Palindrome Substring Function

• Check whether a substring is a palindrome:
• This function turns out to be even easier to implement than the original test.

/*
  Tests whether a substring of a string is a palindrome.
  @param s the string to test
  @param start the index of the first character of the substring
  @param end the index of the last character of the substring
  @return true if the substring is a palindrome
*/
bool substring_is_palindrome(string s, int start, int end);

Palindrome Substring Function (2)

• In the recursive calls, simply adjust the start and end arguments to skip over matching letter pairs.
• No need to construct new objects for the shorter strings.

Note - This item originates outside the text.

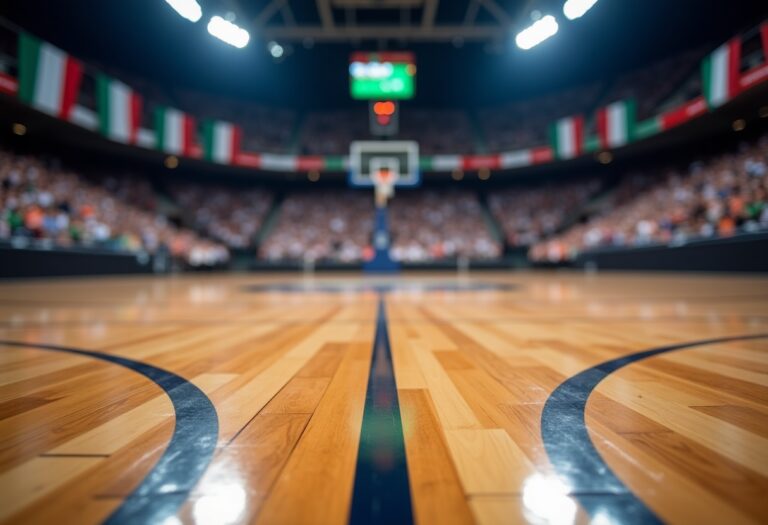 Chacho Rodriguez: la leggenda della pallacanestro celebra la sua carriera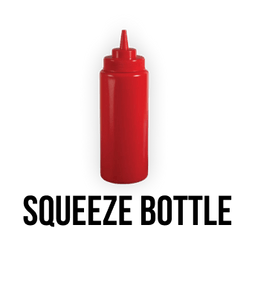 Squeeze Bottles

bool substring_is_palindrome(string s, int start, int end) {
  // Separate case for substrings of length 0 and 1
  if (start >= end) { return true; }

  if (s[start] == s[end])
  {
    // Test substring that doesn’t contain
    // the first and last letters
    return substring_is_palindrome(s, start + 1, end - 1);
  }
  else
  {
    return false;
  }
}

Palindrome Function to Call the Helper Function

• Finally, provide a function that solves the original problem by calling the helper function.

bool is_palindrome(string s) {
  return substring_is_palindrome(s, 0, s.length() - 1);
}

Practice It: Recursive Helpers

• Recursive function for finding the first vowel in a string:

char first_vowel(string str) {
  if (str.length() == 0) { return '?'; } // No vowels
  char first = str[0];
  string rest = str.substr(1);
  if (is_vowel(first)) { return first; }
  else { return first_vowel(rest); }
}

• The above code is inefficient to generate a new string each recursive call.
• Write a recursive helper function that avoids that problem by having a substring input rather than a complete string:

char first_vowel(string str, int pos) { }

The Efficiency of Recursion

• Recursion can lead to simpler solutions to problems, but recursive algorithms may perform poorly.
• The Fibonacci sequence is a sequence of numbers defined by the equations:
  • f_1 = 1
  • f_2 = 1
  • fn = f{n-1} + f_{n-2}
• Each value in the sequence is the sum of the 2 preceding.
• The first ten terms of the sequence: 1, 1, 2, 3, 5, 8, 13, 21, 34, 55,…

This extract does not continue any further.